• **The data**:
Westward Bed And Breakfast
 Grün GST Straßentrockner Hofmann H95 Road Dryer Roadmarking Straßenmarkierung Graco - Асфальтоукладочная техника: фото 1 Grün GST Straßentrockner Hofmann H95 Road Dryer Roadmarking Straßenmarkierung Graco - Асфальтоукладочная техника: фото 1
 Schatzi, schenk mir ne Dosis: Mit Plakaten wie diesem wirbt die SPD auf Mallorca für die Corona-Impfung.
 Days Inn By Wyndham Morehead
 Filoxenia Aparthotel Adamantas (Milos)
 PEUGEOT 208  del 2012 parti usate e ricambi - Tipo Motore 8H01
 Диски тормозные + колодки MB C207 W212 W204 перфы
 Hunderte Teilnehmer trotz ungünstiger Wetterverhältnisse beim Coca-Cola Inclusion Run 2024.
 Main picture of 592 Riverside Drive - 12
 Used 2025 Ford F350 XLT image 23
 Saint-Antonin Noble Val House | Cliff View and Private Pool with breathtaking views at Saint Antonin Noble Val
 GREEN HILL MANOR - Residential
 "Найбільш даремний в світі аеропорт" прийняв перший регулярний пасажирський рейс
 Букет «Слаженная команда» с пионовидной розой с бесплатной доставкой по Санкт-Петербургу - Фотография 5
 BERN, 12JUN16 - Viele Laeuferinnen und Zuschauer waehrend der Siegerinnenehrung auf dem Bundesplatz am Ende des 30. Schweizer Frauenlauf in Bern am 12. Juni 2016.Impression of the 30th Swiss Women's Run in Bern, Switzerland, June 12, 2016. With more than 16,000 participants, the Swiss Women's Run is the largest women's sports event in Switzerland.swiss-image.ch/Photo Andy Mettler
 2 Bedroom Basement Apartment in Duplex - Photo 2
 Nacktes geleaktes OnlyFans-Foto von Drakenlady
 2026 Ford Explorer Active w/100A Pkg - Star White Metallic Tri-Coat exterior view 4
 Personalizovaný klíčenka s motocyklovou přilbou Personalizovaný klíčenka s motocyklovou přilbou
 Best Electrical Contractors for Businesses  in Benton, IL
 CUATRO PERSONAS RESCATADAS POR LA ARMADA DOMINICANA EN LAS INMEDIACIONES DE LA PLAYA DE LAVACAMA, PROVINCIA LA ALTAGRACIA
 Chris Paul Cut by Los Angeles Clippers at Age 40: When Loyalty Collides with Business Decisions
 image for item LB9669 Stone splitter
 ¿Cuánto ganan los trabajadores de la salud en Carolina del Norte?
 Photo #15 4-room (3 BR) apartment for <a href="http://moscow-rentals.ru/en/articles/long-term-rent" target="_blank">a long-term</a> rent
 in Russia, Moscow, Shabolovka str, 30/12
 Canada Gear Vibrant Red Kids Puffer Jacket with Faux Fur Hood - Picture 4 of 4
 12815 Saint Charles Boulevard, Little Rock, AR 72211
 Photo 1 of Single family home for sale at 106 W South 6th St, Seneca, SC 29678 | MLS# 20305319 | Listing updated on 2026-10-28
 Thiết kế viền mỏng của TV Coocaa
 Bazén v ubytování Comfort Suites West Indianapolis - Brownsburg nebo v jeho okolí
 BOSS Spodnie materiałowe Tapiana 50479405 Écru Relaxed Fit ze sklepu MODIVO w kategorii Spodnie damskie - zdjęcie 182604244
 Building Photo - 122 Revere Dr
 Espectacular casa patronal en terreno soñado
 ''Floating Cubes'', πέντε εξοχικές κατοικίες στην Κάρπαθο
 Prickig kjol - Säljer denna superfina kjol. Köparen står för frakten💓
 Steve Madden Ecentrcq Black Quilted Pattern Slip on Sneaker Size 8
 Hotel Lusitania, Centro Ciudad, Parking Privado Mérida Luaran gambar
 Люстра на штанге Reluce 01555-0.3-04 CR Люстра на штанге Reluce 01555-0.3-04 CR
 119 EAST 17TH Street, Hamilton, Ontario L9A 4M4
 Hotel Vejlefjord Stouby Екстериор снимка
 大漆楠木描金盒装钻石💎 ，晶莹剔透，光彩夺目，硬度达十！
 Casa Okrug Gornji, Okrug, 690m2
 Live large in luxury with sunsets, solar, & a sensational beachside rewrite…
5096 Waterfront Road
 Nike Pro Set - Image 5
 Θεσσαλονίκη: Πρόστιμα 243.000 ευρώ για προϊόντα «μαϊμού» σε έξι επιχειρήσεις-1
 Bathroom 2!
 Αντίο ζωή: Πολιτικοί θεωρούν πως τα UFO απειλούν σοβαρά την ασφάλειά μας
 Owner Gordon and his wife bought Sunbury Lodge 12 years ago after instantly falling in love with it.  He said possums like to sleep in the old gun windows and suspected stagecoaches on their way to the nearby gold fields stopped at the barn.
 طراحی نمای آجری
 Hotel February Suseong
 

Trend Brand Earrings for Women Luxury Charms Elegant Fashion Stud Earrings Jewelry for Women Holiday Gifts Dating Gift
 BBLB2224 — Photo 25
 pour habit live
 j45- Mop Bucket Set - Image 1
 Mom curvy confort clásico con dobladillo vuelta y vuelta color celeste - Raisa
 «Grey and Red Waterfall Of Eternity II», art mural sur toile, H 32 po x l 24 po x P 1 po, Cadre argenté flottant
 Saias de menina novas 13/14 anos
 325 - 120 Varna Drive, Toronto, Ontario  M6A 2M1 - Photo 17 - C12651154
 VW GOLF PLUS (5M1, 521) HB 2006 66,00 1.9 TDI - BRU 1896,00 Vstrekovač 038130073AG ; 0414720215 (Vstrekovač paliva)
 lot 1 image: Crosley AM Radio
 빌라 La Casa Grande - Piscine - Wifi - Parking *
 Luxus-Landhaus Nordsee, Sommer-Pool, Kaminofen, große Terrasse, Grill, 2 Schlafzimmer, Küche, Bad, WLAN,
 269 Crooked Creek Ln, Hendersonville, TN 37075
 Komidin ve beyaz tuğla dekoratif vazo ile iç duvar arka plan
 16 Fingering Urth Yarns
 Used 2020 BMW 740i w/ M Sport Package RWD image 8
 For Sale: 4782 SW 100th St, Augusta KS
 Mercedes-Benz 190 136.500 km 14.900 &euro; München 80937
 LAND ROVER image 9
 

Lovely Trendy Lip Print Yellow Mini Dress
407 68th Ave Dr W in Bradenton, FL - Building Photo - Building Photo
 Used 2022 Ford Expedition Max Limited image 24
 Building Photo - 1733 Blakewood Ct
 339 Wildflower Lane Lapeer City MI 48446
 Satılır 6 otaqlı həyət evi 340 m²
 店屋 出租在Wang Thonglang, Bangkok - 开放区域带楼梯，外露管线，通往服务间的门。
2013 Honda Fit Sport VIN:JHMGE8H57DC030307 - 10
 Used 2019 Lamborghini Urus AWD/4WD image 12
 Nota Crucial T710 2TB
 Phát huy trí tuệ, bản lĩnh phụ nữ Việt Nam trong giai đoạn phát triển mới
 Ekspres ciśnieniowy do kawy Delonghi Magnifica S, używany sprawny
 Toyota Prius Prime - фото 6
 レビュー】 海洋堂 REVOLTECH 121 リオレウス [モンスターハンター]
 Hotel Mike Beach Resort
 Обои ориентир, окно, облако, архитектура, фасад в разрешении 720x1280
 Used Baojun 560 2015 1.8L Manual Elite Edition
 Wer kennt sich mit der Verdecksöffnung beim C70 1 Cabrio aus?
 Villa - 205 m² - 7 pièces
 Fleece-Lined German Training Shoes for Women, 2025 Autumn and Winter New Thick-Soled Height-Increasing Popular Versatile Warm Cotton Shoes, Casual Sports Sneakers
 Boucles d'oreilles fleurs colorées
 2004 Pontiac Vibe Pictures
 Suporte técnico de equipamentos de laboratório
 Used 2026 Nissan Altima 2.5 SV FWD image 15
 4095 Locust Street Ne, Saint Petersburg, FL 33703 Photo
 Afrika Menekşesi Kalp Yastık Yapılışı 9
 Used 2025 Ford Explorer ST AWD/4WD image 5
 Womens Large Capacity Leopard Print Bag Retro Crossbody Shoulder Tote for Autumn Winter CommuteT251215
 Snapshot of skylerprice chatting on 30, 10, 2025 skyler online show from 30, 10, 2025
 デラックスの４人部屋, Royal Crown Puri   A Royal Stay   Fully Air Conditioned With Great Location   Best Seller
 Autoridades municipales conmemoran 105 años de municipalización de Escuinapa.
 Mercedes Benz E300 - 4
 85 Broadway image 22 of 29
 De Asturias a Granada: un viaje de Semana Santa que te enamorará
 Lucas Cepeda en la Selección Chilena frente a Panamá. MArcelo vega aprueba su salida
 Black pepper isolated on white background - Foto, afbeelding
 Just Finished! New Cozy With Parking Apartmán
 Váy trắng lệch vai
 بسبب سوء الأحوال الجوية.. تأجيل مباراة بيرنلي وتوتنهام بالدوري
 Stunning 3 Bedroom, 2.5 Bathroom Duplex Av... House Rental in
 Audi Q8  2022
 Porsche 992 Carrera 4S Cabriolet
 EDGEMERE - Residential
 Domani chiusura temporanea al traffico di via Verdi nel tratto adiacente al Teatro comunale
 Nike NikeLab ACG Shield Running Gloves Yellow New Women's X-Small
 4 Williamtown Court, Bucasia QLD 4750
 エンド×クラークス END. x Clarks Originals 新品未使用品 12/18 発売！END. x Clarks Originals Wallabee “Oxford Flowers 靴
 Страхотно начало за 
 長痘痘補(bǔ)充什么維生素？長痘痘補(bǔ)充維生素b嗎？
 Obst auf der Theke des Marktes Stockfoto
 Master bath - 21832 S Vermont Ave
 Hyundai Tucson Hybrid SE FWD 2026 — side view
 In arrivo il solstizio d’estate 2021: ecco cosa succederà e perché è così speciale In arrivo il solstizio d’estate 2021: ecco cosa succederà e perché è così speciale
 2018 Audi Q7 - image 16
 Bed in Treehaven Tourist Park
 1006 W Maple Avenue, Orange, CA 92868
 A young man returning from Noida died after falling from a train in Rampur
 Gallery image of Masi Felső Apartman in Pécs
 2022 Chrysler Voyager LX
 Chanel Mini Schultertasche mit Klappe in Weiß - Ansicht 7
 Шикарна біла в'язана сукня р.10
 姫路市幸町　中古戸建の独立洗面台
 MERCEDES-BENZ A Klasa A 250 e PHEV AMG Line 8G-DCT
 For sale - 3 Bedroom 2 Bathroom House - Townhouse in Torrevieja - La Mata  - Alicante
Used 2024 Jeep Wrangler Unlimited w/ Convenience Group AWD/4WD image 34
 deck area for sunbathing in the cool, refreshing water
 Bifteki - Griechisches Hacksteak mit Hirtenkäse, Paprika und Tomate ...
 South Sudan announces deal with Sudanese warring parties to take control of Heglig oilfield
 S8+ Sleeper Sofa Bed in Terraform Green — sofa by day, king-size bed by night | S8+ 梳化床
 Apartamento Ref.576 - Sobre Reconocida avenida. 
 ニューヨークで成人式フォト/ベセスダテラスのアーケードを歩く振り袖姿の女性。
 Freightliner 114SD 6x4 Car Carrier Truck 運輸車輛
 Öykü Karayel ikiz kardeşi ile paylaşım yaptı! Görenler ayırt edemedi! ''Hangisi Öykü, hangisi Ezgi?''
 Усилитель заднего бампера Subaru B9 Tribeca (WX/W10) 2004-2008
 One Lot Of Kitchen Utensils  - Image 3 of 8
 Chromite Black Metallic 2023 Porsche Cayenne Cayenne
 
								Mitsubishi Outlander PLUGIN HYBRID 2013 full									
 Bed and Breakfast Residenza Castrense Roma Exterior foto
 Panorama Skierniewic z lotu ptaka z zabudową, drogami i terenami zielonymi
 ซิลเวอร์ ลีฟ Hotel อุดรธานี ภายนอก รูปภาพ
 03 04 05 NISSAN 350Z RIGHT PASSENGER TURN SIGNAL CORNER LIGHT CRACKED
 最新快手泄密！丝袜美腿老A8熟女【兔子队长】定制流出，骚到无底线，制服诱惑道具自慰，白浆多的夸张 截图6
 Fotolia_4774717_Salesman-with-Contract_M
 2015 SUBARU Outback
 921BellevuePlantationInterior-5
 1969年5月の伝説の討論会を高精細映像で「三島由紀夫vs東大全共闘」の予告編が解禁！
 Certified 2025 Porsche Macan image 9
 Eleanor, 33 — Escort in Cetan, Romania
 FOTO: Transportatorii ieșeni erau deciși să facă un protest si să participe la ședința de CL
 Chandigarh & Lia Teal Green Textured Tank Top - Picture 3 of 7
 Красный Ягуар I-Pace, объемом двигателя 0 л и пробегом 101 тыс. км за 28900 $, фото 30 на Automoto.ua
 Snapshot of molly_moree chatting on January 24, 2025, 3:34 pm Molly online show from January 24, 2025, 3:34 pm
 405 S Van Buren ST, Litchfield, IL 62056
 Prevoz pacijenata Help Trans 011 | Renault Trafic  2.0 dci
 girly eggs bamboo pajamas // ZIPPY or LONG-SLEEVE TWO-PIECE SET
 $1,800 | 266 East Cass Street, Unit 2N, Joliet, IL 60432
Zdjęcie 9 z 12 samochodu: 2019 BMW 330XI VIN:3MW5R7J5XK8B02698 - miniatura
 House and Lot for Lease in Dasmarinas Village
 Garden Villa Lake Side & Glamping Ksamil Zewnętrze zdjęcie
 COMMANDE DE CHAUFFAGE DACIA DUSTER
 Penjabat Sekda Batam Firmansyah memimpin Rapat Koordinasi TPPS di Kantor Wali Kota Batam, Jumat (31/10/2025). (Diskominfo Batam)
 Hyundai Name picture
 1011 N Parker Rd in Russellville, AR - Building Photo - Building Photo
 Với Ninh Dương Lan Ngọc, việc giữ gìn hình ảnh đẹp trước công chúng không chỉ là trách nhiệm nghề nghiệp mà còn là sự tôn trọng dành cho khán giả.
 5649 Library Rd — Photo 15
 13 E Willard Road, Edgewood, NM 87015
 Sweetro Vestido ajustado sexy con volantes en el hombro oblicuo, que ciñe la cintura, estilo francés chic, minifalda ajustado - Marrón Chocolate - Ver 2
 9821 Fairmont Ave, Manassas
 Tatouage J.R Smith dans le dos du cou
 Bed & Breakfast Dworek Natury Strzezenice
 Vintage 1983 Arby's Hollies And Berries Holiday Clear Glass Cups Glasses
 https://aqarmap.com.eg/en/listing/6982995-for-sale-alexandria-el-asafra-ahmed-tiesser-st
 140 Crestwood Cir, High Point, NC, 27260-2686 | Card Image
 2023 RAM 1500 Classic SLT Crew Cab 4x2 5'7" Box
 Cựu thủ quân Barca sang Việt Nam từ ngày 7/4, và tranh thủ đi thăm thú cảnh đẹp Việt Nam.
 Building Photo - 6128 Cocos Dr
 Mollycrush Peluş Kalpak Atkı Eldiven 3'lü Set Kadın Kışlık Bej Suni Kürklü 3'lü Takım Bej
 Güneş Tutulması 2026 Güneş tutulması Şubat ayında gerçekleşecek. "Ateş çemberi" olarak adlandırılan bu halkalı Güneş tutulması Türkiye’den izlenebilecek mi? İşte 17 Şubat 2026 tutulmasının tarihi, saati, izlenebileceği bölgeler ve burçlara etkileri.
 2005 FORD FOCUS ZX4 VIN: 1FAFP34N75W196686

• **Description of the task**:
Take from the material above the lines running from the one with "Photo #15 4-room" through the one with "Thiết kế viền mỏng của TV Coocaa", and repeat them exactly, with nothing else.

• **Solved problem**:
 Photo #15 4-room (3 BR) apartment for <a href="http://moscow-rentals.ru/en/articles/long-term-rent" target="_blank">a long-term</a> rent
 in Russia, Moscow, Shabolovka str, 30/12
 Canada Gear Vibrant Red Kids Puffer Jacket with Faux Fur Hood - Picture 4 of 4
 12815 Saint Charles Boulevard, Little Rock, AR 72211
 Photo 1 of Single family home for sale at 106 W South 6th St, Seneca, SC 29678 | MLS# 20305319 | Listing updated on 2026-10-28
 Thiết kế viền mỏng của TV Coocaa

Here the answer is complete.